At COP27 on Saturday, the biggest protest since the UN climate summit began, chants of “free them all” and “no climate justice without human rights” rang out.
The sister of jailed Egyptian dissident Alaa Abdel Fattah, Sanaa Seif, who is campaigning for her brother’s release at the summit, marched in the front lines with hundreds behind her.
Seven months into his hunger strike, Abdel Fattah began refusing water last Sunday as world leaders arrived in the Egyptian resort of Sharm el-Sheikh for COP27.
With them came Seif, who was berated at two press conferences this week by apparently pro-regime attendees, who called her brother a “criminal” rather than a “political prisoner.”
Behind her on Saturday, hundreds of protesters meandering between the halls where world leaders are negotiating the climate crisis called for urgent action for climate justice and human rights, an AFP correspondent said.
Although demonstrations at COP27 must be approved by the organizing authorities and should only take place in a designated zone, activists behind Saturday’s rally said they had received UN authorization to act outside the designated area.
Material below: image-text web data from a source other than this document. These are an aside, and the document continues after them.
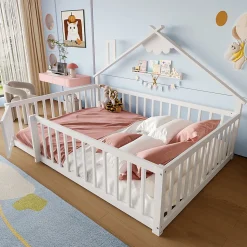 Lit enfant 140x190 cm - Lit avec barrières et design maison - Bois de pin et MDF - Sans matelas - Blanc
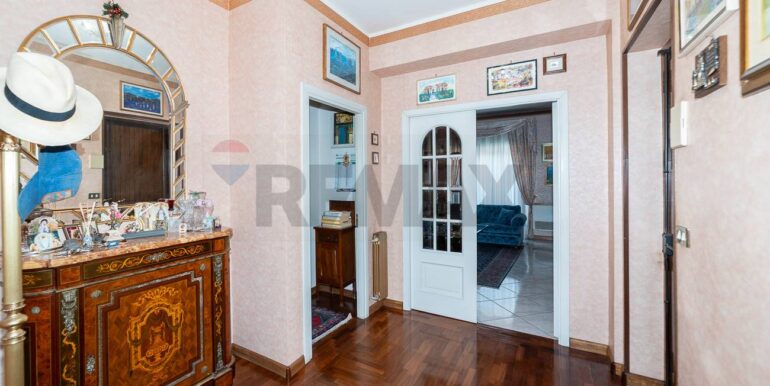 20251117190940-1001285-1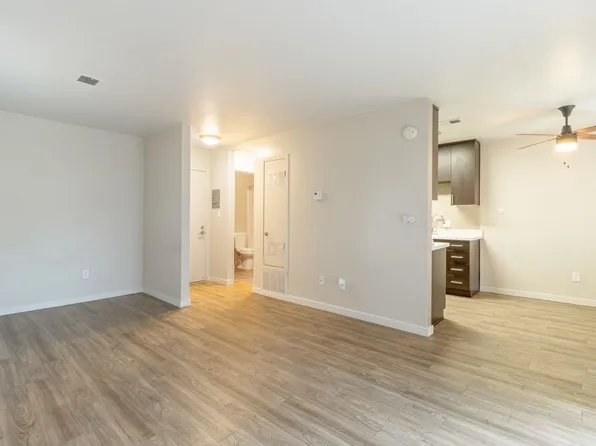 Riverbend Apartments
They marched behind a banner that read “You Are Not Defeated Yet” – the title of Abdel Fattah’s book that has become a rallying cry for summit activists.
The protesters incorporated the words into their calls for tribal, women’s, labor and disability rights. Several speakers ended their speeches with the same sentence in the formal course of the conference.
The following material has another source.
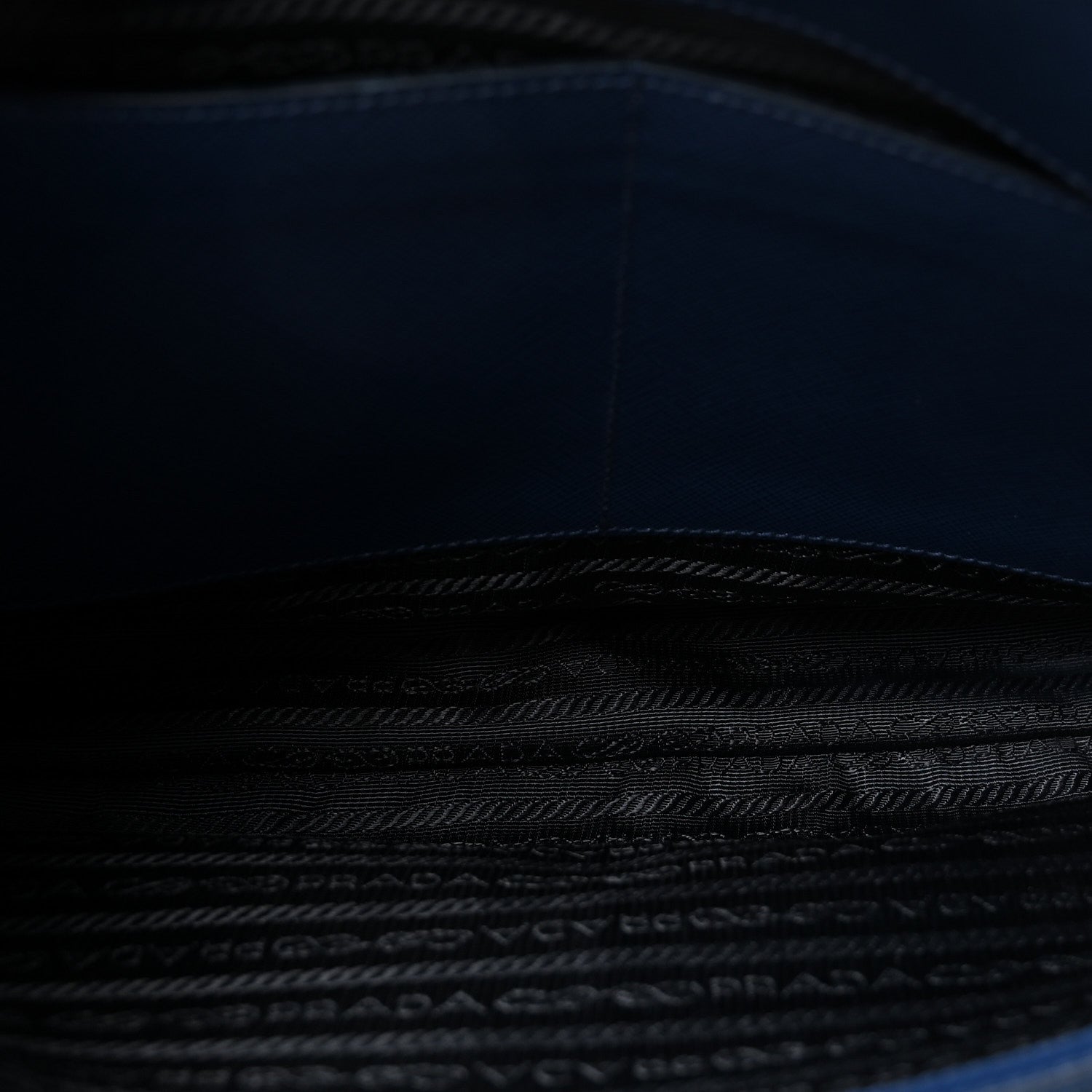 Saffiano Lux Medium Promenade Tote Bluette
“I came here thinking I was alone. I’m sure those in power thought my voice would be drowned out and ignored. Instead, I found that my family was already waiting for me here,” protest organizer Asad Rehman read before Seif’s statement.
She stood silently beside him.
Abdel Fattah was a key figure in Egypt’s Arab Spring uprising more than a decade ago. He began eating “just 100 calories a day” in April, his family said, to protest the conditions he and about 60,000 other political prisoners in the country are being subjected to.
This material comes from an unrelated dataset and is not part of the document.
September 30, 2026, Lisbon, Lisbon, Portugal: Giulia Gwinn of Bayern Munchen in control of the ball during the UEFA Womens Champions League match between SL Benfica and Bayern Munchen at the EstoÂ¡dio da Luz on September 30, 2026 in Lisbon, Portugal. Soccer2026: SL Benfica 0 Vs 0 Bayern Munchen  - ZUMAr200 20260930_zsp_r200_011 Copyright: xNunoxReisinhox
His family say they fear for his life and have spent months appealing to the international community, particularly the UK, where Abdel Fattah gained citizenship behind bars this year through his British-born mother.
Some leaders have raised his case at bilateral meetings during climate talks with Egyptian President Abdel Fattah al-Sisi.
The family filed an official request for a presidential pardon with President Sisi on Friday, Abdel Fattah’s other sister said.
The appeal was taken up by one of Egypt’s most-watched talk show hosts, ardent pro-Sisi Amr Adib. On Friday, Adib said on prime-time television that the pardon was “primarily in Egypt’s interests.”